- What you have to do: Only one span of the material below is wanted. Output it exactly, from the line with "unfurnished bedroom with" through the line with "A medical worker", without any pictures.

- Record extracts:
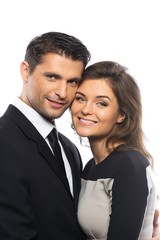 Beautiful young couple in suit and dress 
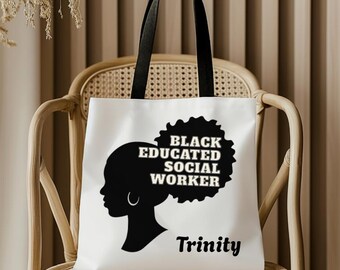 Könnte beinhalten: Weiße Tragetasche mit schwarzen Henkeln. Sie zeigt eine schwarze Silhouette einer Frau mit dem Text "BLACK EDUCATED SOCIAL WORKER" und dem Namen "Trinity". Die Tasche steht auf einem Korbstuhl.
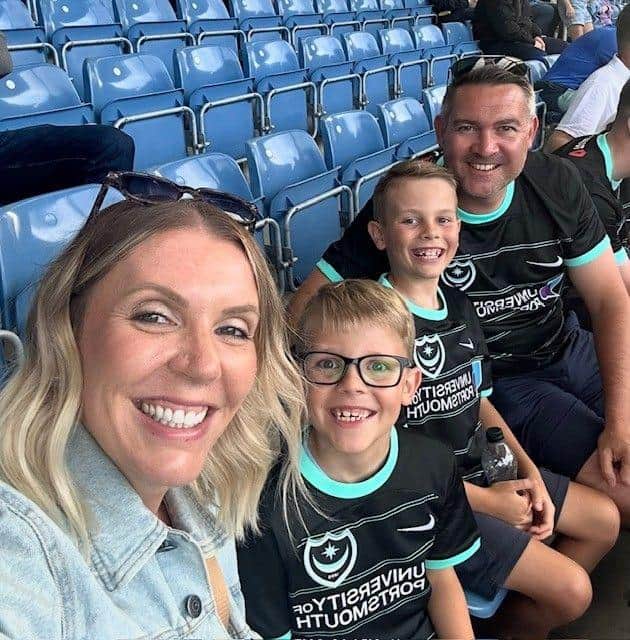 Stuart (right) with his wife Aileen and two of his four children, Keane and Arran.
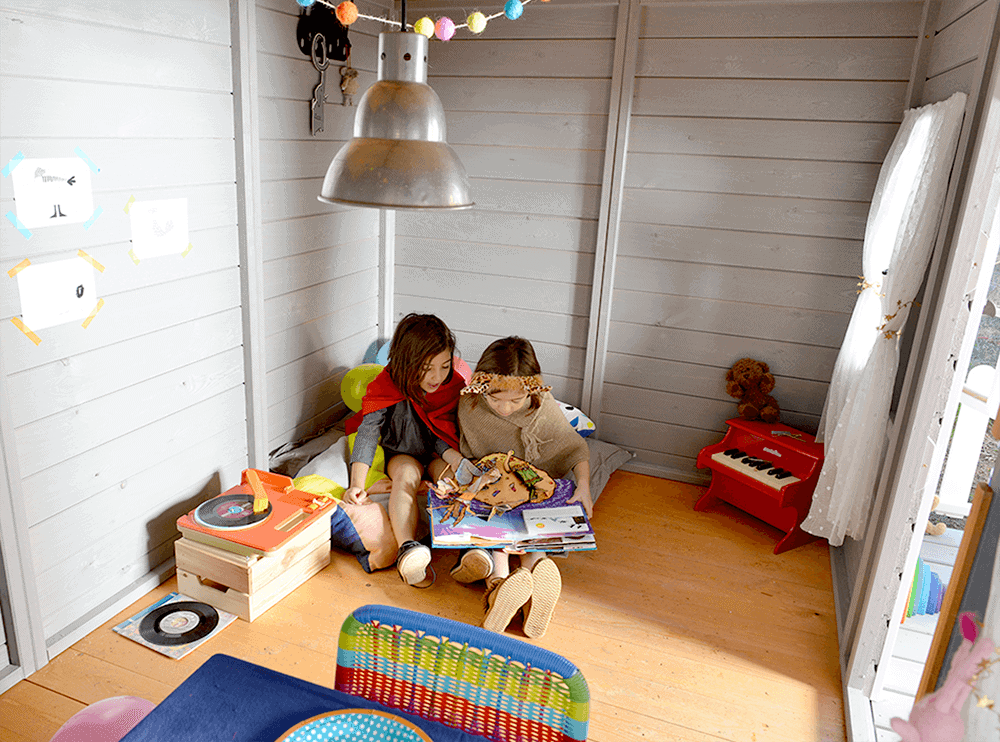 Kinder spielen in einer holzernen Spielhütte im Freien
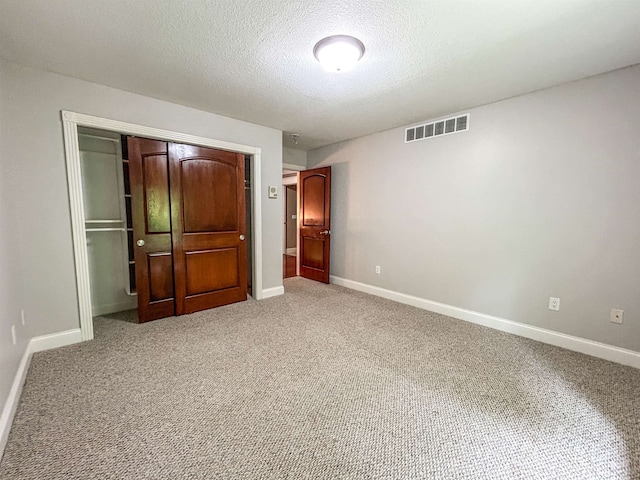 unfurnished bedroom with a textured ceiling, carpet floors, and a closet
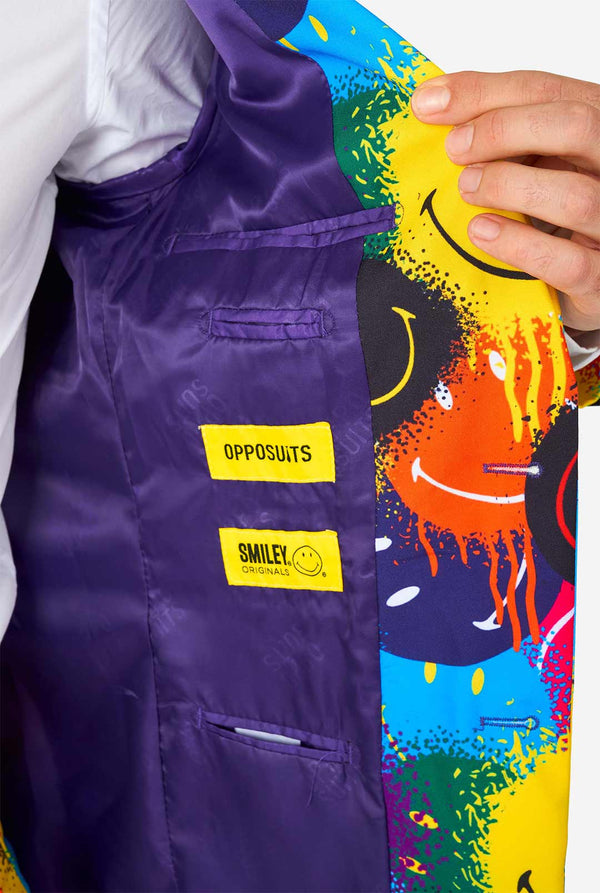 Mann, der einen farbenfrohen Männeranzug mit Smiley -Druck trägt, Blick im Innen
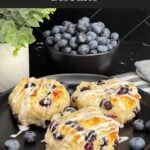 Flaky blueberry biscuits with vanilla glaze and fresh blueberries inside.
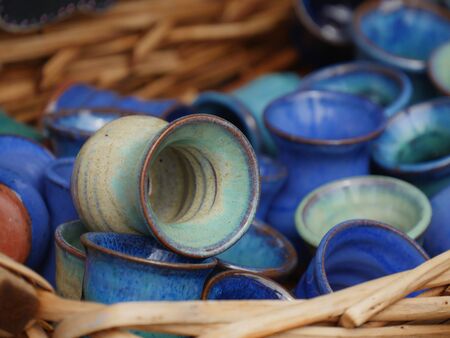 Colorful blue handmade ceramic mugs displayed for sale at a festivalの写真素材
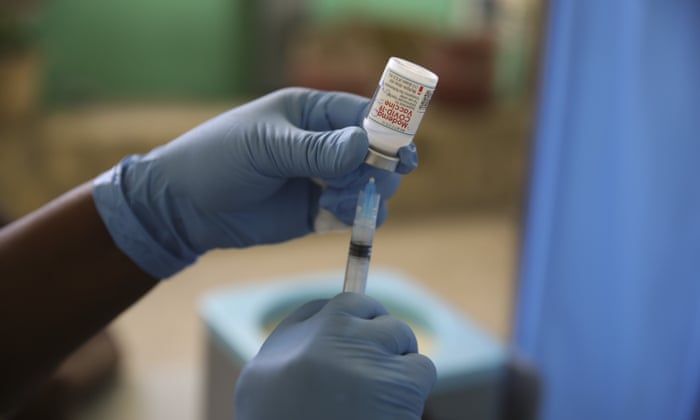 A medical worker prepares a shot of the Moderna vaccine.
==
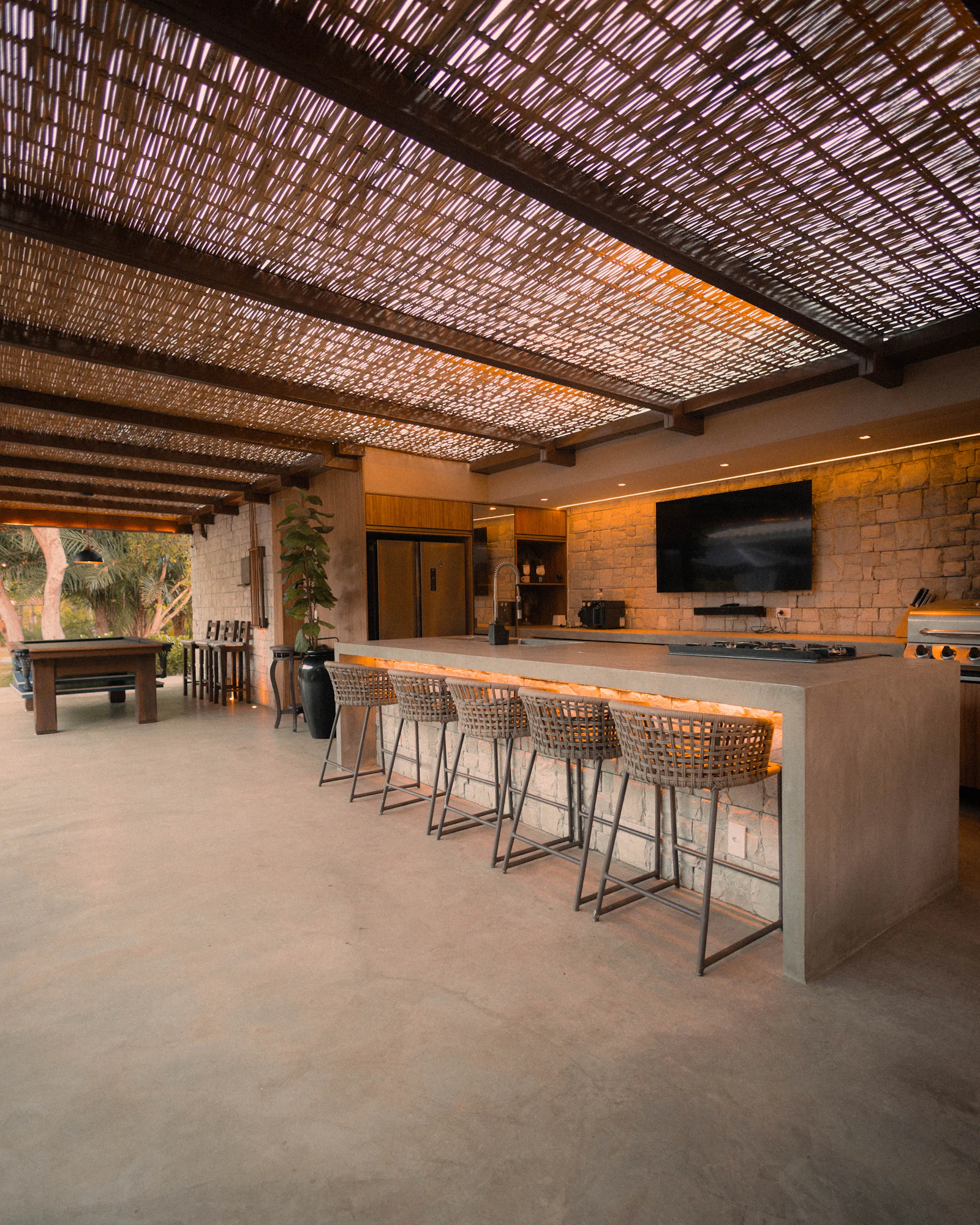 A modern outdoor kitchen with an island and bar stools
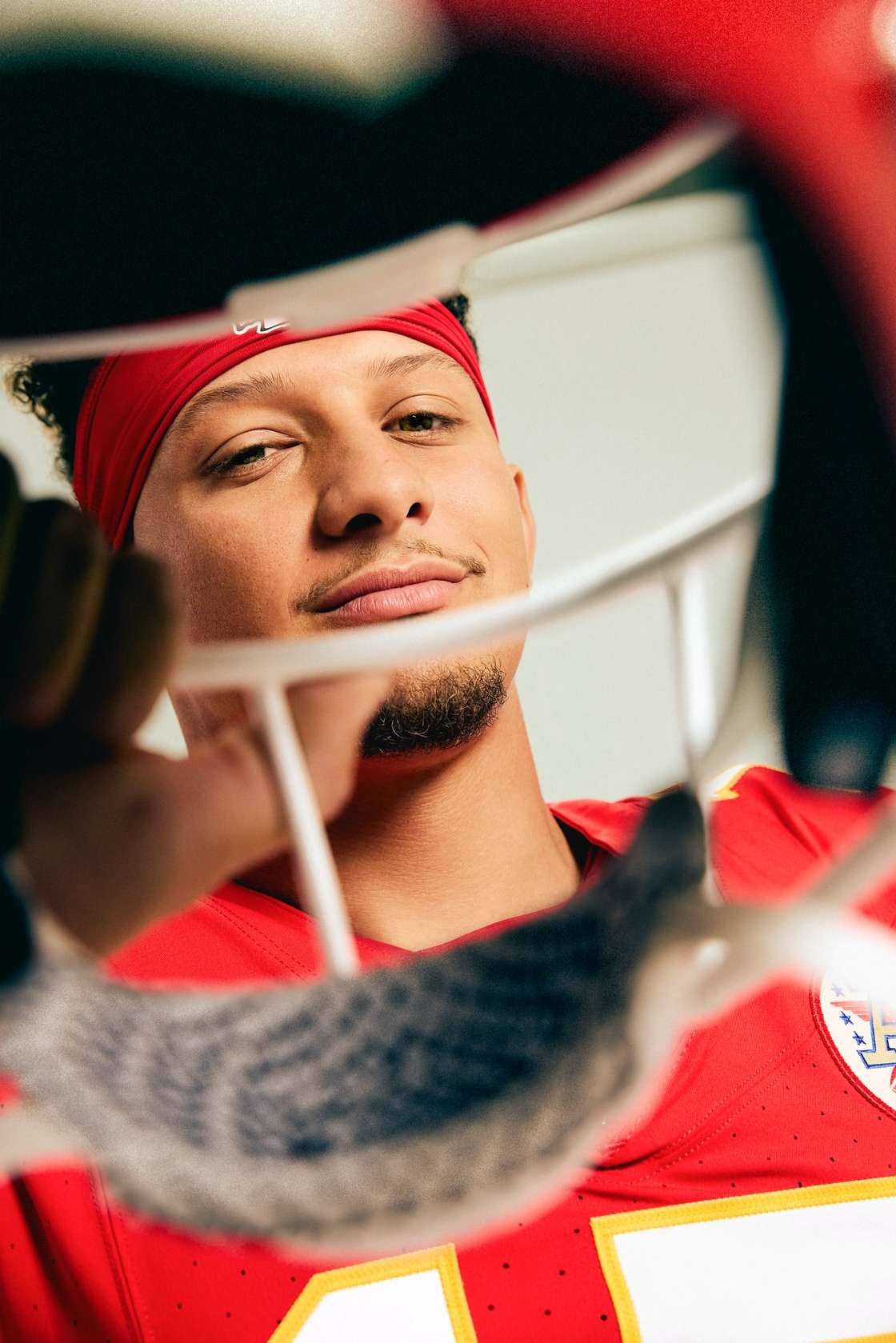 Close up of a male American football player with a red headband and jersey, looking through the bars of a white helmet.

- Your solution:
 unfurnished bedroom with a textured ceiling, carpet floors, and a closet
 Mann, der einen farbenfrohen Männeranzug mit Smiley -Druck trägt, Blick im Innen
 Flaky blueberry biscuits with vanilla glaze and fresh blueberries inside.
 Colorful blue handmade ceramic mugs displayed for sale at a festivalの写真素材
 A medical worker prepares a shot of the Moderna vaccine.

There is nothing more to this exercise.